The Environmental Protection Agency (EPA) did not properly conduct the cancer risk for a widely used pesticide, a failure that could jeopardize human health, the Office of the Inspector General (OIG) said in a report issued this week.
In its July 20 report, the OIG cited a number of problems with how the EPA evaluated the cancer risk of the soil fumigant 1,3-Dichloropropene, (1,3-D). Among other problems, the EPA did not adhere to standard operating procedures and federal requirements in doing the assessment, the OIG found.
“These departures from established standards during the cancer assessment for 1,3-D undermine the EPA’s credibility, as well as public confidence in and the transparency of the Agency’s scientific approaches, in its efforts to prevent unreasonable impacts on human health,” the OIG said of the EPA.
1,3-D is one of the top three soil fumigants used in the United States. From 2014 through 2018, an average of approximately 37 million pounds of 1,3-D were applied to an average of 300,000 acres of agricultural crops annually.
The OIG probe came after the EPA changed the cancer classification in 2019 in a way that essentially downgraded the cancer risk and allowed for vastly increased exposures.
The OIG explained in its report:
“From 1985 through 2018, the EPA classified 1,3-D as “Likely to be Carcinogenic to Humans,” which means that there is evidence of carcinogenic potential in two or more different species, sexes, or strains, or from two or more different sites or exposure routes. With this classification, the EPA quantified 1,3-D’s cancer risk, which was used to identify acceptable exposure levels, at the one-in-10,000 excess lifetime cancer risk level, meaning that if 10,000 people are exposed to the same concentration of this chemical over an estimated lifetime, one additional person would likely develop cancer from this exposure.
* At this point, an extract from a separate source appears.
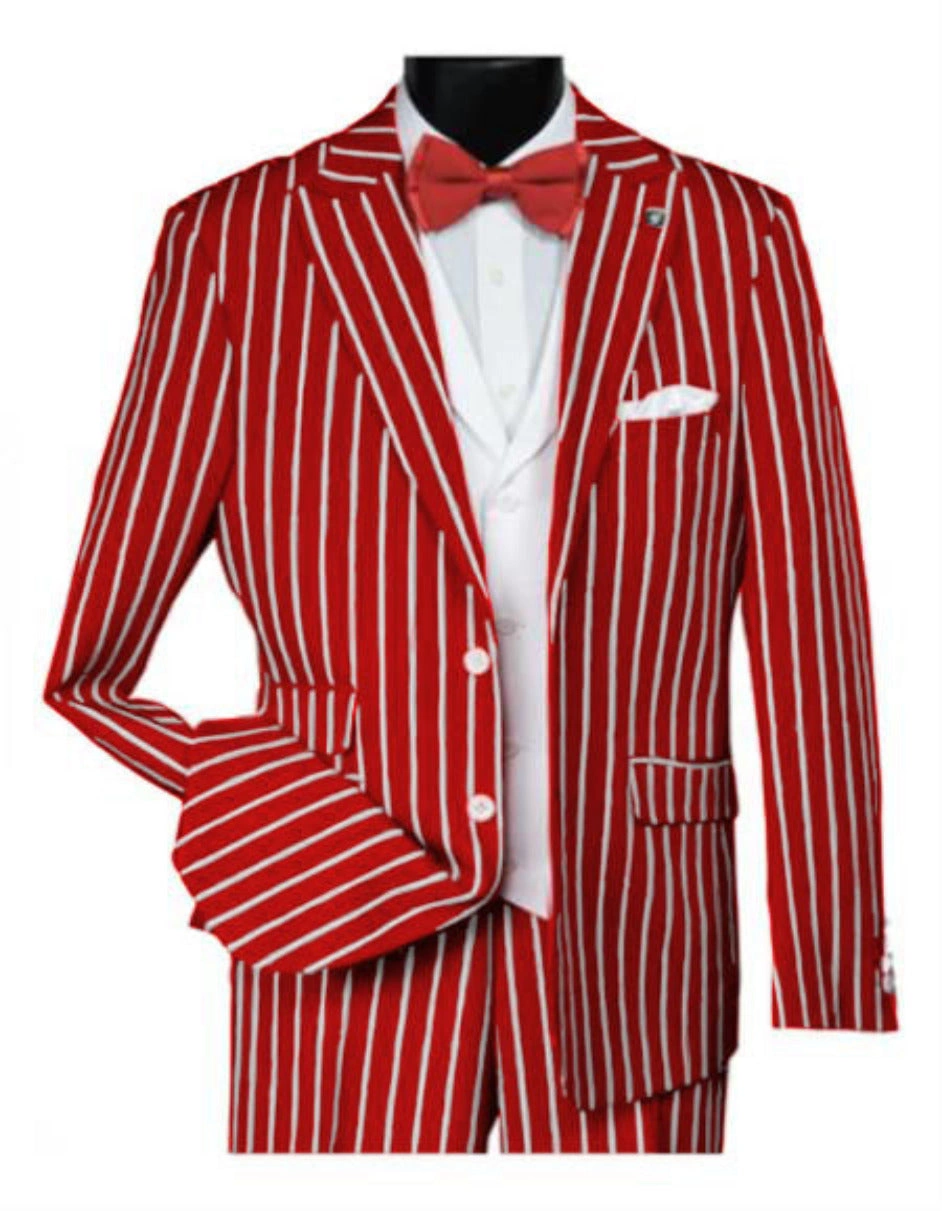 Red Pinstripe Suit Bloke's Swagger Awaits You A True 1920s Gangster Vibe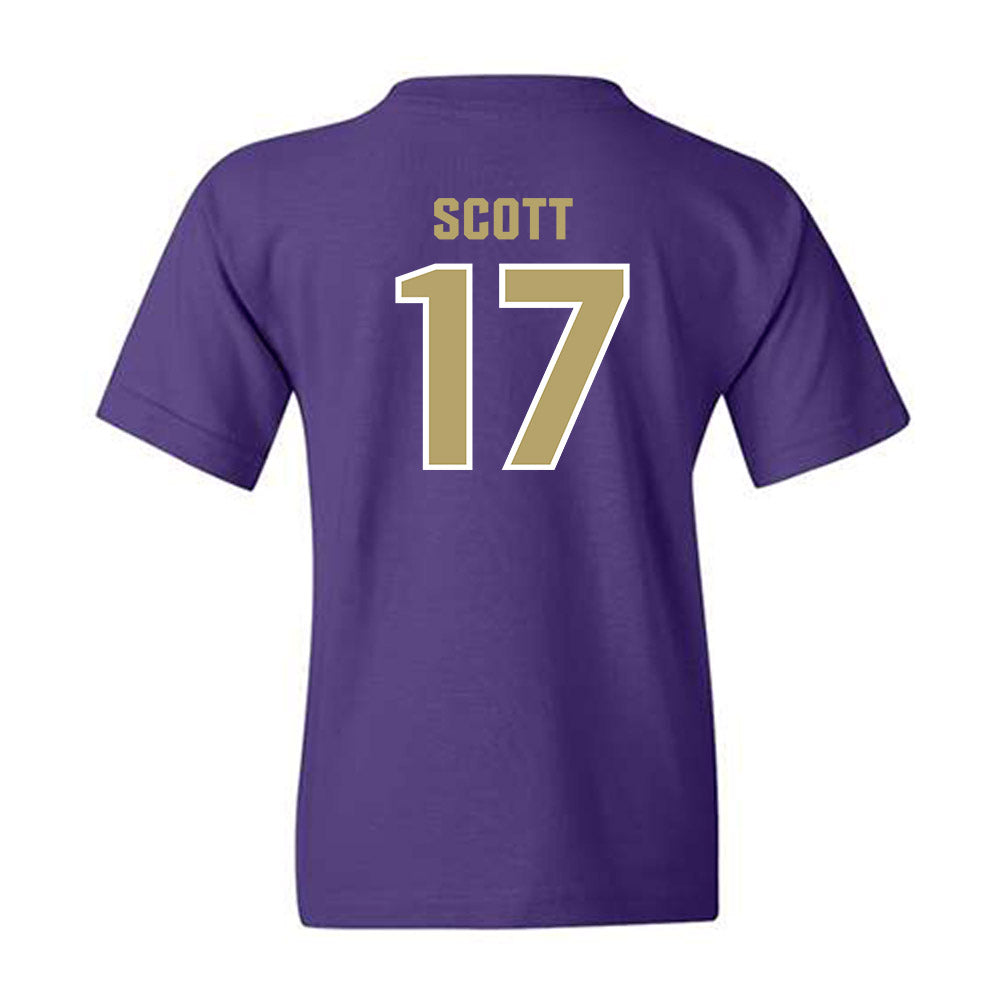 JMU - NCAA Football : Michael Scott - Classic Shersey Youth T-Shirt-1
In 2019, the EPA changed the classification for 1,3-D to “Suggestive Evidence of Carcinogenic Potential,” which means that there is evidence of tumors in only a single animal cancer study or only at a single dose. With this classification change, the EPA does not quantify the chemical’s cancer risk and establishes acceptable exposure levels based only on noncancerous effects. The cancer reclassification of 1,3-D allows the long-term exposure level considered an unreasonable risk to humans to increase 90-fold.”
The OIG said that in conducting its cancer-assessment for 1,3-D, the EPA falsely declared that “no studies were identified as containing potentially relevant information,” while the OIG easily found more than 100 relevant studies on 1,3-D.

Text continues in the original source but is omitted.